Friday, November 16, 2012

Why Petraeus is a big story and Benghazi is not... yet

The big stories of the past few months tell us a lot about viewers and their interests.

Imagine you're doing a man in the street interview, and you have two questions:

-Who is David Petraeus?

-What's going on with Benghazi?

Thanks to the revelation of Petraeus' sordid affair in the past few days, you'd get a pretty high percentage of people who could answer the first question.

The second question? Half the people are more likely to think "Ben Gazzi" owns the pizza parlor down the street.

Ironically the first story is about to make the second story the bigger one. All because of that one intangible that makes viewers stop what they're doing and watch: a sex scandal.

The Petraeus story is a made-for-supermarket-tabloid tale. This isn't just a guy cheating on his wife, this is also a wife cheating on her husband. It's become an affair that tests your knowledge of geometry, going from a love triangle to a polygon at the Pentagon. Throw in a book title that's a hanging curveball over the middle of the plate for any comedian, and you've got a story that isn't going away for awhile. The public can't get enough.

Ironically, it's taking a sex scandal to get the bigger story rolling. Let's be honest here, Benghazi is bigger than Watergate, and Watergate was huge. The big difference? Nobody died during the Watergate burglary. Americans were murdered in Benghazi.
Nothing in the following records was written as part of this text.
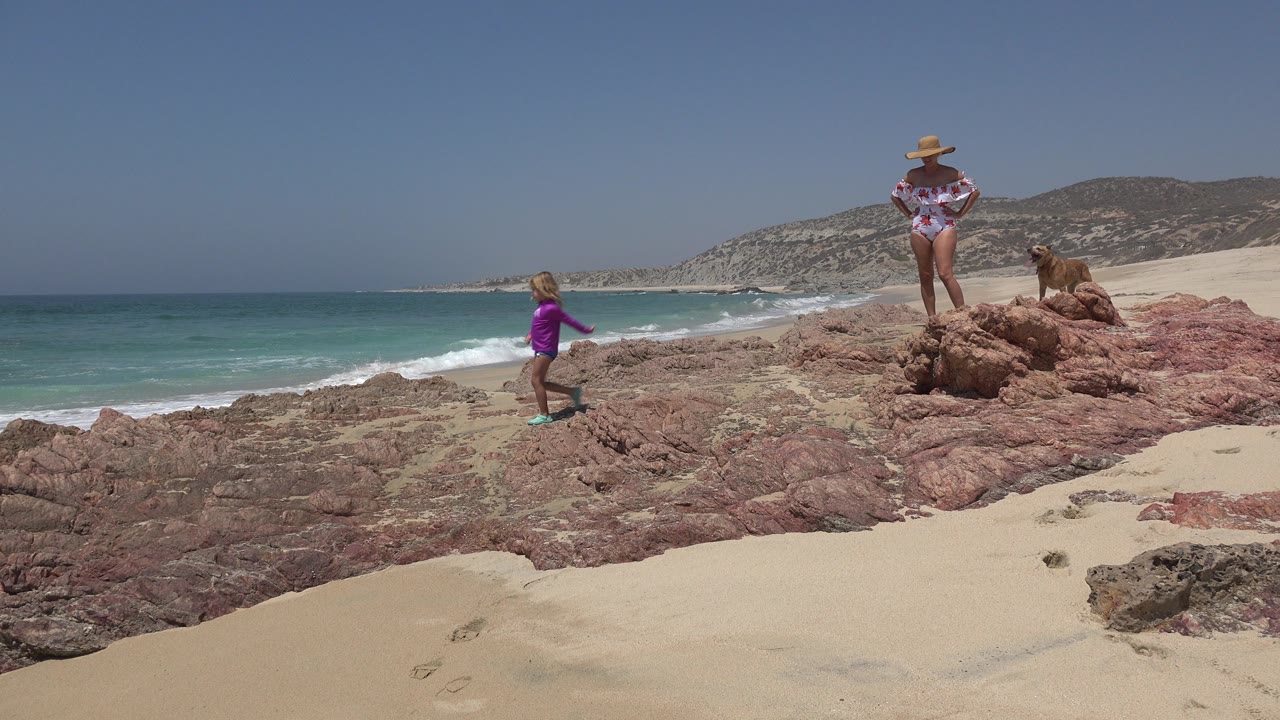 Child walking on rocky beach near woman and dog by the surf.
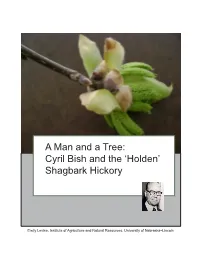 A Man and a Tree: Cyril Bish and the 'Holden' Shagbark Hickory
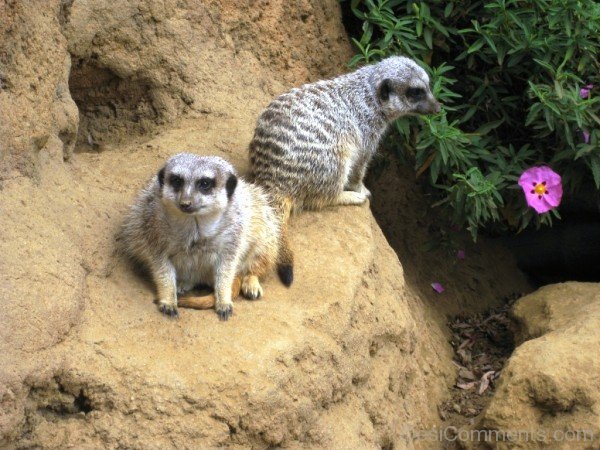 Two Meerkat Picture -adb028desipkk28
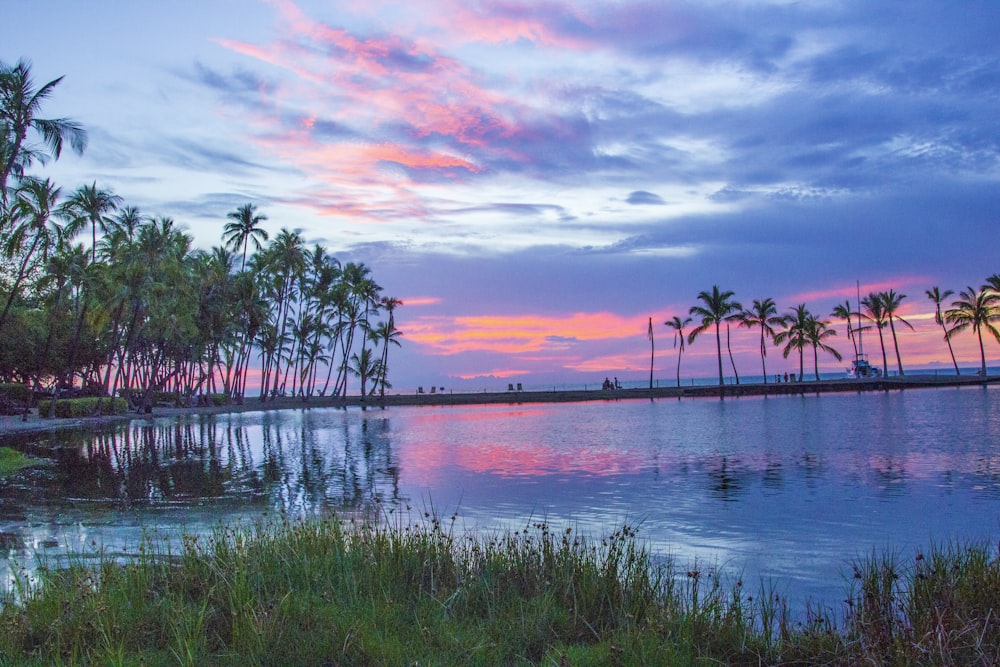 a body of water with trees and grass around it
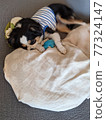 Chihuahua dressed to take a nap by the cushion 77324147
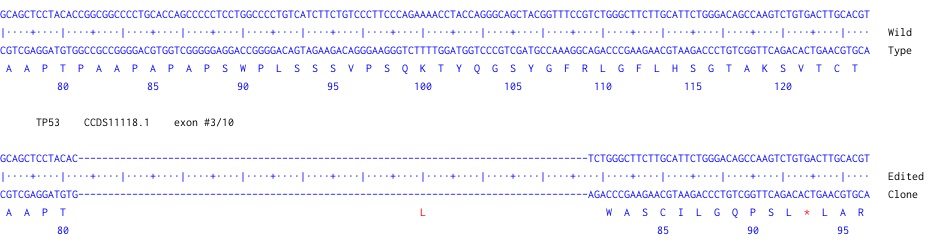 Next Generation Sequencing - Human TP53BP1 knockout HCT116 cell line (AB289184)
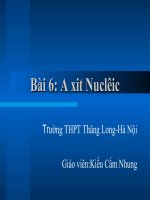 Bai 6 A. Nucleic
Somebody screwed up, and it shouldn't take this long to figure out who.

You can argue why Benghazi hasn't taken off as a story. One argument is that the story was buried before the election. Another is that Americans don't care much for foreign affairs news. It could be a little of both. But now you tie in a guy involved in a racy affair, and Benghazi suddenly becomes more relevant, because you've added spice to the story. Did a General's "distraction" cause Americans to die? Now Benghazi trumps Watergate.

It's sad that a sex angle is needed to gain interest for a story, but that's the culture in which we live. It's too bad that so many journalists didn't see Benghazi as the huge story it is now destined to be.

Remember, there are no such things as boring stories, only boring reporters. If you have a good story, you have the ability to make it interesting, despite what you perceive as a lack of interest from viewers.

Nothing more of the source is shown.